Whitehorse is the capital of Yukon Territory and the biggest town in the territory, not to mention centrally located, so it offers a multitude of services. And it is also a pretty cool town.
When we first entered the Yukon this past June, we each received a Yukon Gold Explorer’s Passport. There is a contest from June 1 through August 31st that requires the books to be stamped at either ten or twenty participating sights, mostly Yukon Heritage. Ten sites qualified for one ounce of Klondike placer gold and twenty sites for two ounces. We had visited nineteen!
So off we went to our twentieth site before leaving Whitehorse. Hector selected the Public Arts Museum because it was free.
We are so glad we went! There were two exhibits. One was about an architectural contest to create new designs for communities in the Nunavut Territory, Canada’s third territory. This territory comprises two million square kilometers, some of Canada’s most remote with less than 20 miles of government maintained roads and no road access from the mainland. The exhibit provided statistics on the various communities in Nunavut, which has a total population of 29,000 people. It also had displays on current designs as well as proposed architectural concepts. Fascinating.

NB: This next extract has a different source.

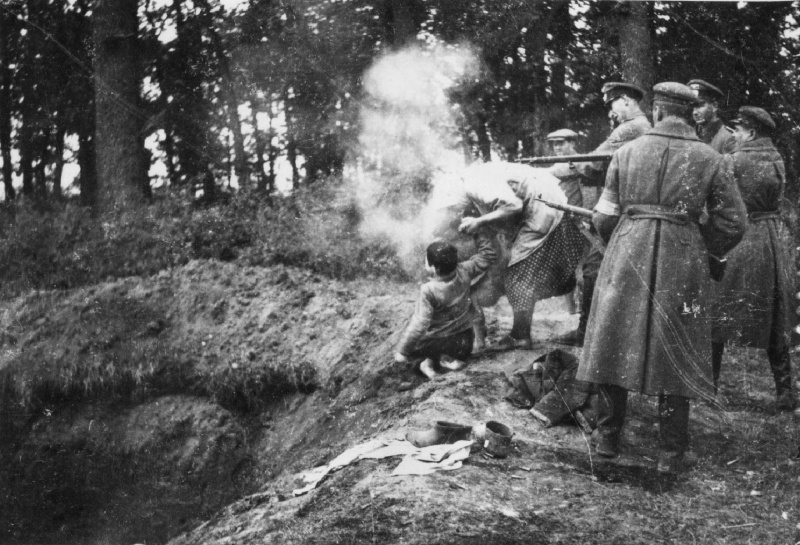 Полицаи расстреливают евреев в поселке Мирополь Житомирской области. Октябрь 1941 г.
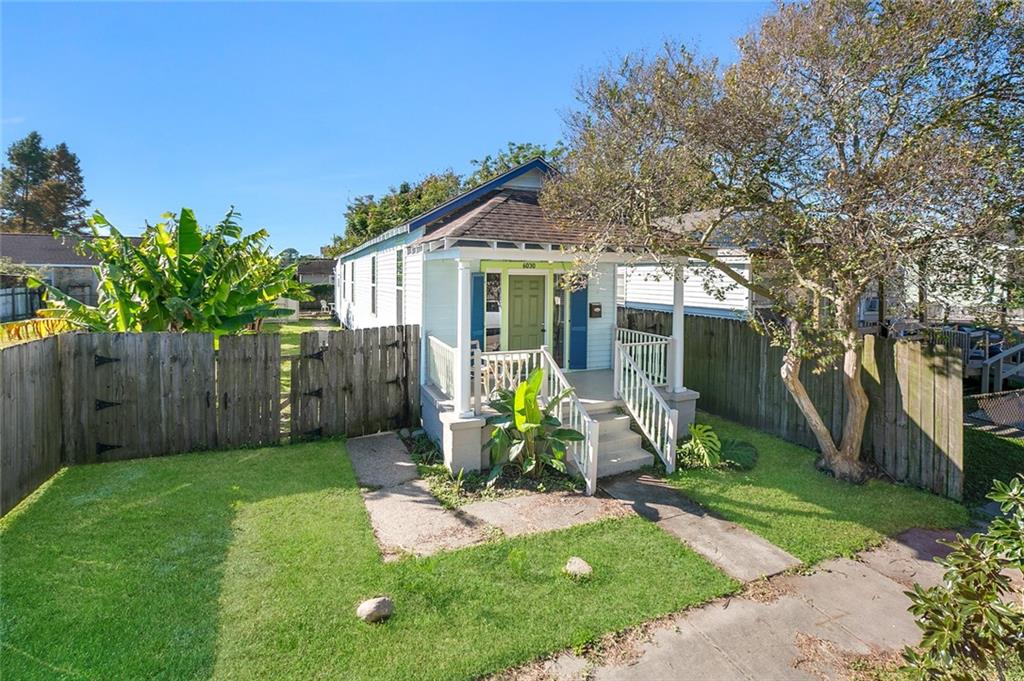 New Orleans, Louisiana 70117, United States, 2 Bedrooms Bedrooms, ,2 BathroomsBathrooms,Residential,Active,254881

The second exhibit consisted of First Nations artifacts, intricately woven and beaded clothing and art pieces on a variety of media. There were some gorgeous pieces.

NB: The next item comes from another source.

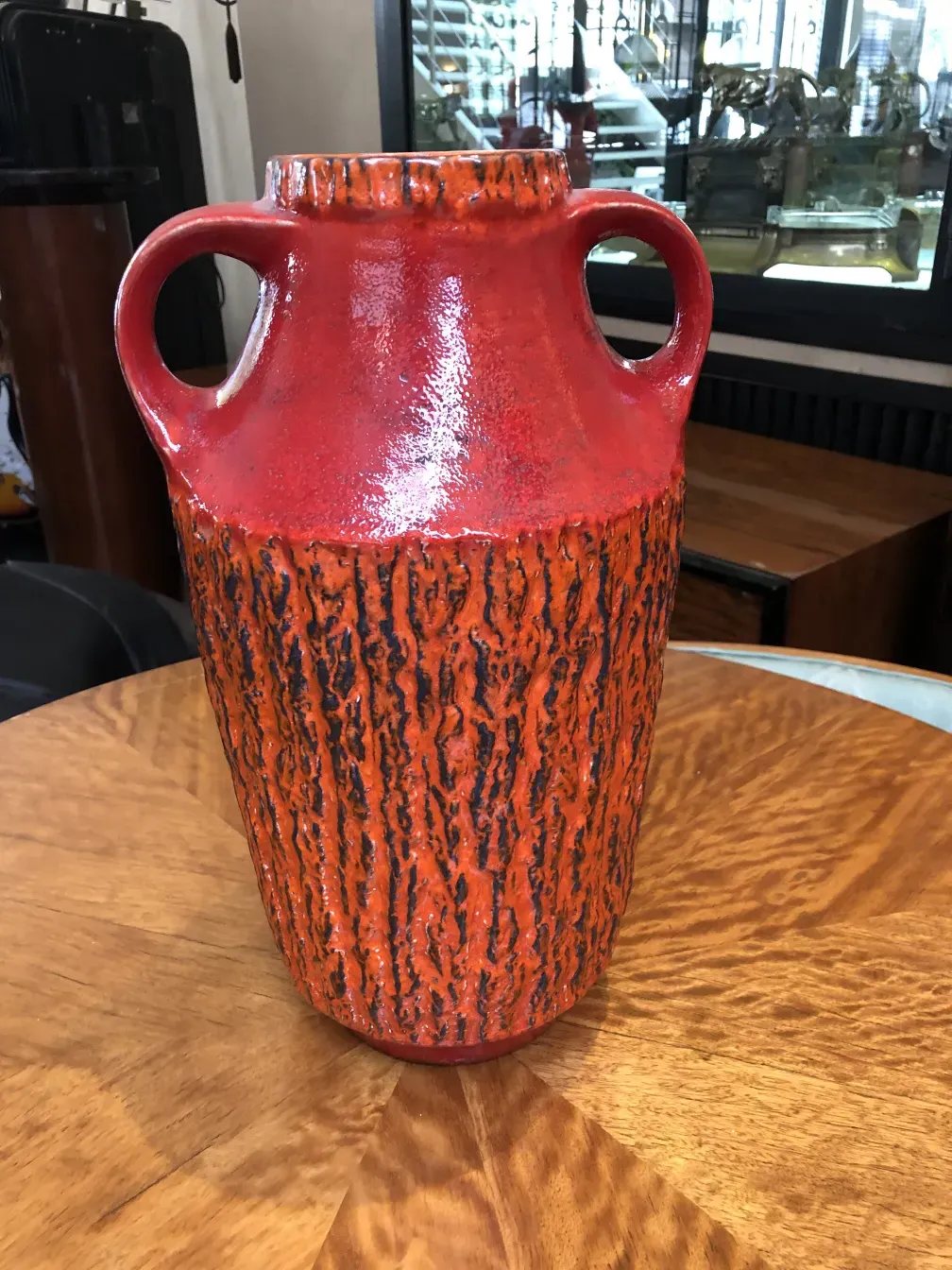 Antique ceramic vase with red and black texture, Carstens Tönnieshof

We returned to the Visitor Center for some WiFi and to show our passports. Once they verify your number of visits, they enter you for the appropriate level, and you keep the passports with the stamps as mementos. The stamps are beautiful, depicting symbols of the various sites.

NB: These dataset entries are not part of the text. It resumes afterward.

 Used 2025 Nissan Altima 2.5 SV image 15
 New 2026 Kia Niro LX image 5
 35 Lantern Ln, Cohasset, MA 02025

We got back on the Alaska Highway, returning to Haines Junction to intersect the Haines Highway to Haines. The Alaska Highway portion of the drive was mostly through heavily forested land until it approached Haines Junction when there were more open views of mountains.
The Haines Highway is one of the most beautiful roads we have traveled on this year, and that is saying a lot. It has views of glaciated mountains, rivers, an alpine valley, and lakes. Although on this driving day it was very cloudy and raining lightly that just gave the place a moody and interesting look.
We could still see lots of fireweed, but it was “going to cotton”, in its last stages it dries, turns a deeper red, then produces seeds encased in cotton. It must have been amazing there during the peak of the wildflower season.
As we drove over the highest point of the highway, the weather cleared a bit, and a double rainbow appeared. These rainbows have been our welcome to several areas. This time, Hector was able to capture a photo of one of the rainbows over Island Girl.
Road Name: Alaska Highway
Road Type: 2-lane
Road Conditions: Generally good with occasional frost heaves
Road Name: Haines Highway
Road Type: 2-lane
Road Conditions: Started out really smooth, Hector called it autobahn, then after the U.S. border it got a little wavy with some patches.
Miles Today: 246
Driving Time: 5:30
Total Miles in Alaska: 2288
Total Miles in Canada: 2703
Total Miles since entering Canada: 5011
The border crossing is about 40 miles north of Haines. The officer once again asked about guns and other weapons, and asked if we had purchased anything in Canada that we were planning to leave in the U.S. Then she motioned us through. Three more border crossings to go.
Haines looked just as we remembered it, a really cute town. And we settled into our campground, Oceanside RV Park, overlooking the Lynn Canal.